The sigmoid function, a.k.a. the logistic curve, is defined by

$\sigma(x) = \frac{\exp(x)}{1 + \exp(x)} = \frac{1}{1 + \exp(-x)}$

The second and third expressions are clearly equal, but I prefer to think in terms of the former, but the latter is better for numerical calculation because it won’t overflow for large x.

The sigmoid function is the derivative of the softplus function. We could define a sigmoid function with a sharpness parameter k by takind the derivative of the softplus function with sharpness parameter k.

Swish

The Swish function was defined in [1] as

$\text{swish}(x) = x \, \sigma(x)$

Like softplus, the Swish function is asymptotically 0 as x → −∞ and asymptotically equal to x as x → ∞. That is, for large |x|, swish(x) is approximately x⁺. However, unlike softplus, swish(x) is not monotone. It is negative for negative x, having a minimum around -1.278 [2]. The fact that the activation function can dip into negative territory is what addresses “the dying ReLU problem,”

Mish

The Mish function was defined in [3] as

$\text{mish}(x) = x \, \tanh(\,\text{softplus}(x)\,)$

The mish function has a lot in common with the swish function, but performs better, at least on the examples the author presents.

The mish function is said to be part of the swish function family, as is the serf function below.

Serf

The serf function [4] is another variation on the swish function with similar advantages.

$\text{serf}(x) = x \, \text{erf}(\,\text{softplus}(x)\,)$

The name “serf” comes from “log-Softplus ERror activation Function” but I’d rather pronounce it “zerf” from “x erf” at the beginning of the definition.

The serf function is hard to distinguish visually from the mish function; I left it out of the plot above to keep the plot from being cluttered. Despite the serf and mish functions being close together, the authors in [4] says the former outperforms the latter on some problems.

Numerical evaluation

The most direct implementations of the softplus function can overflow, especially when implemented in low-precision floating point such as 16-bit floats. This means that the mish and serf functions could also overflow.

For large x, exp(x) could overflow, and so computing softplus as

   log(1 + exp(x))

could overflow while the exact value would be well within the range of representable numbers. A simple way to fix this would be to have the softmax function return x when x is so large that exp(x) would overflow.

As mentioned above, the expression for the sigmoid function with exp(-x) in the denominator is better for numerical work than the version with exp(x) in the numerator.

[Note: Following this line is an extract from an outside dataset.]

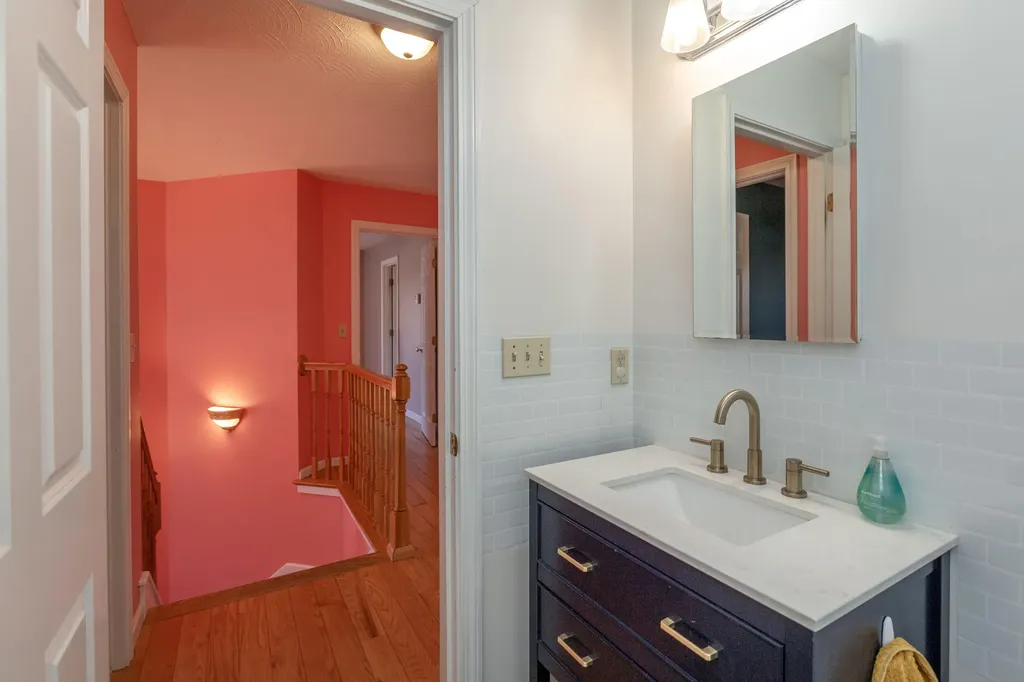 40 Jennifer Drive Auburn ME 04210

[1] Swish: A Self-Gated Activation Function. Prajit Ramachandran∗, Barret Zoph, Quoc V. arXiv:1710.05941v1

[2] Exact form of the minimum location and value in terms of the Lambert W function discussed in the next post.

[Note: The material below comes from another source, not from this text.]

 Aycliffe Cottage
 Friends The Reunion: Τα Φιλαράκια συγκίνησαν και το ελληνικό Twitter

[3] Mish: A Self Regularized Non-Monotonic Activation Function. Diganta Misra. arXiv:1908.08681v3

[4] SERF: Towards better training of deep neural networks using log-Softplus ERror activation Function. Sayan Nag, Mayukh Bhattacharyya. arXiv:2108.09598v3

Filtering on how words are being used

Posted on 18 July 2023 by John

Yesterday I wrote about how you could use the spaCy Python library to find proper nouns in a document. Now suppose you want to refine this and find proper nouns that are the subjects of sentences or proper nouns that are direct objects.

This post was motivated by a project in which I needed to pull out company names from a large amount of text, and it was important to know how the company name was being used.

Dependency labels

Tokens in spaCy have a dependency label attribute dep (or dep_ for its string representation). Dependency labels tell you how a word is being used. For example, dobj tells you the word is being used as a direct object, and nsubj tells you its being used as a nominal subject.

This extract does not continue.